Nixon Peabody LLP
- Headquarters: 53 State Street, Boston, Massachusetts, U.S.
- No. of offices: 16
- No. of attorneys: 700
- Major practice areas: General practice
- Key people: Steve Zubiago, CEO & Managing Partner Andrew Glincher, Senior Chairman and Partner
- Date founded: December 31, 1999 (merger)
- Company type: Limited liability partnership
- Website: www.nixonpeabody.com

= Nixon Peabody =

Law firm

Nixon Peabody LLP is a Boston-based law firm with over 700 attorneys collaborating across major practice areas in cities across the U.S. and international offices in London, Hong Kong, and Shanghai. In addition to the firm's Boston headquarters, it maintains U.S. office locations in New York City, Washington, D.C., Chicago, San Francisco, Los Angeles, Palo Alto, Albany, Buffalo, Manchester, Rochester, and Providence.

The firm works in commercial litigation, IP litigation, product liability, government investigations, white-collar defense, arts and cultural institutions, and Indian law and gaming. They have represented clients such as JetBlue, Constellation Brands, Corning Incorporated, and Gannett Co., among others. Additionally, the firm has represented parties in the financing of new stadiums for the Mets and Yankees. The firm has nearly thirty teams that focus on specific industries or areas of law.

Stephen Zubiago serves as Nixon Peabody's chief executive officer and managing partner, a role he has held since February 2021. Andrew Glincher is the firm's senior chairman.

== History ==
Nixon Peabody was formed by the 1999 merger of two firms that began practicing more than a century ago: Nixon, Hargrave, Devans & Doyle LLP and Peabody & Brown. Nixon Hargrave was originally a Rochester, New York, firm that had grown to become one of the largest law firms in New York.

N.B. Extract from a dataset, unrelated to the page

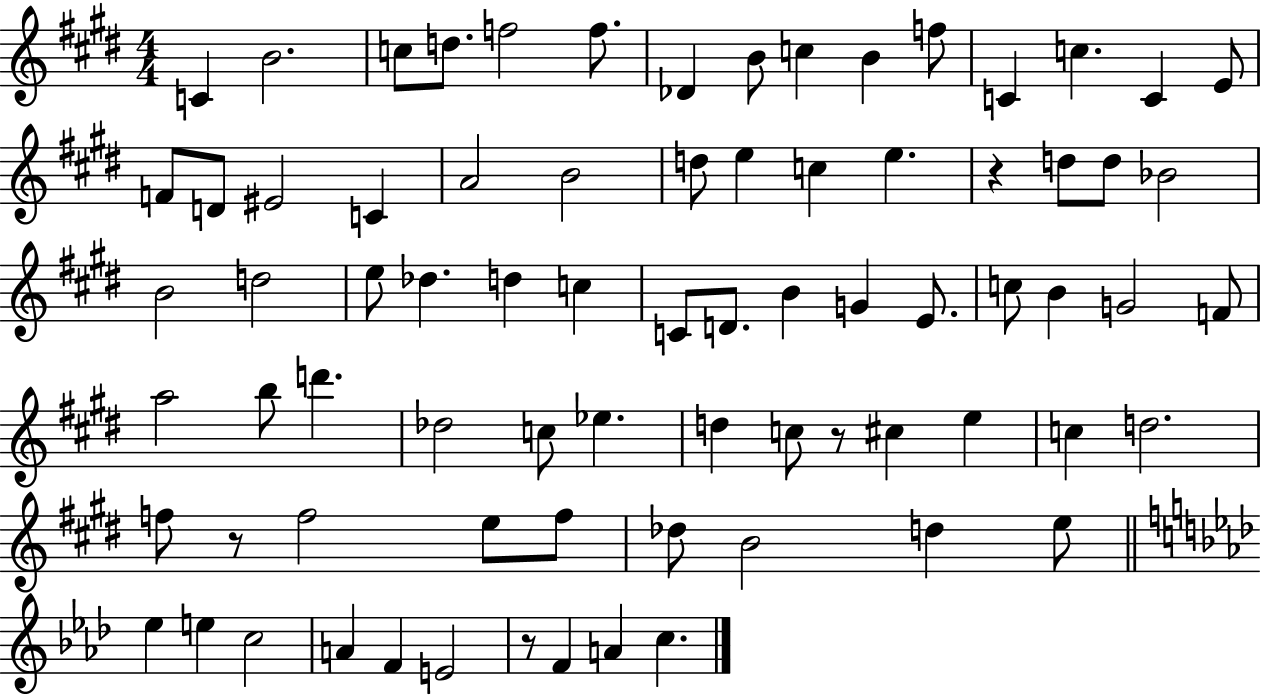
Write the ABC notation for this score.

In 2000, Nixon Peabody merged with Sixbey Friedman Leedom & Ferguson in Northern Virginia, doubling the size of its intellectual property practice.

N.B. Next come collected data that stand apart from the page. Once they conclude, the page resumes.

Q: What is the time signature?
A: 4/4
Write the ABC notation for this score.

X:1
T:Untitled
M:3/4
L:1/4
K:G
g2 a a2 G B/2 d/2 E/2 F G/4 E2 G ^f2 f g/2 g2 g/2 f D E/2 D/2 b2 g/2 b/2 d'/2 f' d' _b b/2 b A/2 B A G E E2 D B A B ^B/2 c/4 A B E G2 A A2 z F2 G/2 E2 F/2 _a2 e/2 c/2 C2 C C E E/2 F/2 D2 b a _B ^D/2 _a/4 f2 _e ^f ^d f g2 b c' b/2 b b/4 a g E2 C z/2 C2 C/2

The firm expanded into California in 2001 through a merger with Lillick & Charles, founded in San Francisco in 1897.

In December 2002, Nixon Peabody merged with the 150-year-old Boston firm of Hutchins, Wheeler & Dittmar, adding fifty attorneys in the areas of business, litigation, and health services.

In late 2008, Nixon Peabody declared an objective to double the size of the firm in the next three or four years. The firm said it would hire up to 100 attorneys from the dissolving firm Thelen LLP, and in October took on 25 lawyers in Paris, a move that led to a legal dispute with UK firm Taylor Wessing.

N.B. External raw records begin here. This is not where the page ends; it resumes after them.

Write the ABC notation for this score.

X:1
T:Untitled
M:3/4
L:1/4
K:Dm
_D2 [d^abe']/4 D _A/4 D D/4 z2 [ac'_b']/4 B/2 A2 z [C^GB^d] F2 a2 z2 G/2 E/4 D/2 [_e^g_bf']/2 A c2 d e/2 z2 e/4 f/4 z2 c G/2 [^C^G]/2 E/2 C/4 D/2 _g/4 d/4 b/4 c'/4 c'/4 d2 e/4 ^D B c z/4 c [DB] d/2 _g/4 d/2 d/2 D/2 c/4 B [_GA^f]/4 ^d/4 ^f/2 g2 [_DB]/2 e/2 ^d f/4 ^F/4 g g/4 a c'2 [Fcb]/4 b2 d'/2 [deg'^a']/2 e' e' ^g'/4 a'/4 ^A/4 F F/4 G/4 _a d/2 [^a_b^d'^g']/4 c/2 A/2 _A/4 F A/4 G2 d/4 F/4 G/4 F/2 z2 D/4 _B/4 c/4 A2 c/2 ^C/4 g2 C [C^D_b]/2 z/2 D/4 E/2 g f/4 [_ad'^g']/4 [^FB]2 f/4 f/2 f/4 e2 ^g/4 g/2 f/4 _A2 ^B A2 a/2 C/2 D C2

In February 2015, Chicago-based mid-sized law firm Ungaretti & Harris LLP merged into Nixon Peabody, adding 100 attorneys and experience in corporate, health care, real estate, litigation, public finance, intellectual property, and government relations.

In October 2015, Nixon Peabody consolidated operations with CWL Partners, a firm based in Hong Kong. The two firms had been formally associated with each other since 2010. The combined firm is known as Nixon Peabody CWL in Hong Kong but will remain as Nixon Peabody LLP in the U.S., Europe, and the firm's Shanghai, China, office.

==Pro bono==
In 2011, Nixon Peabody attorneys spent an average of 56 hours on pro bono matters, or 3.7% of their billable hours. The firm as a whole contributed 37,539 hours to pro bono work. The firm "targets 3% of billable hours annually for pro bono work."

Nixon Peabody has worked on behalf of a wide range of pro bono clients, including microfinance work veterans' affairs, asylum and immigration cases, domestic violence matters and with various legal aid organizations on a wide range of matters, in some cases as part of a corporate partnership (the firm's Albany office partners with General Electric's Global Research division on community pro bono matters).

In 2009, the Manchester office launched the Nixon Peabody Domestic Protection Team, aimed at assisting victims of domestic violence. In 2012, Nixon Peabody partners co-authored the amicus brief by the New York State Bar Association in Fisher v. University of Texas, et al. The NYSBA brief argues that the government has a compelling interest in promoting diversity in the legal profession, which cannot happen without meaningful diversity in the undergraduate pipeline.

==Litigation==
Chambers describes Nixon Peabody's litigation activities as involving commercial litigation, IP litigation, product liability, government investigations, white-collar defense, arts and cultural institutions, and Indian law and gaming. Lawyers at the Washington office perform much of their work at the Court of Federal Claims.

==Offices==
Nixon Peabody has 13 US offices and three international offshoots in London, Hong Kong, and Shanghai.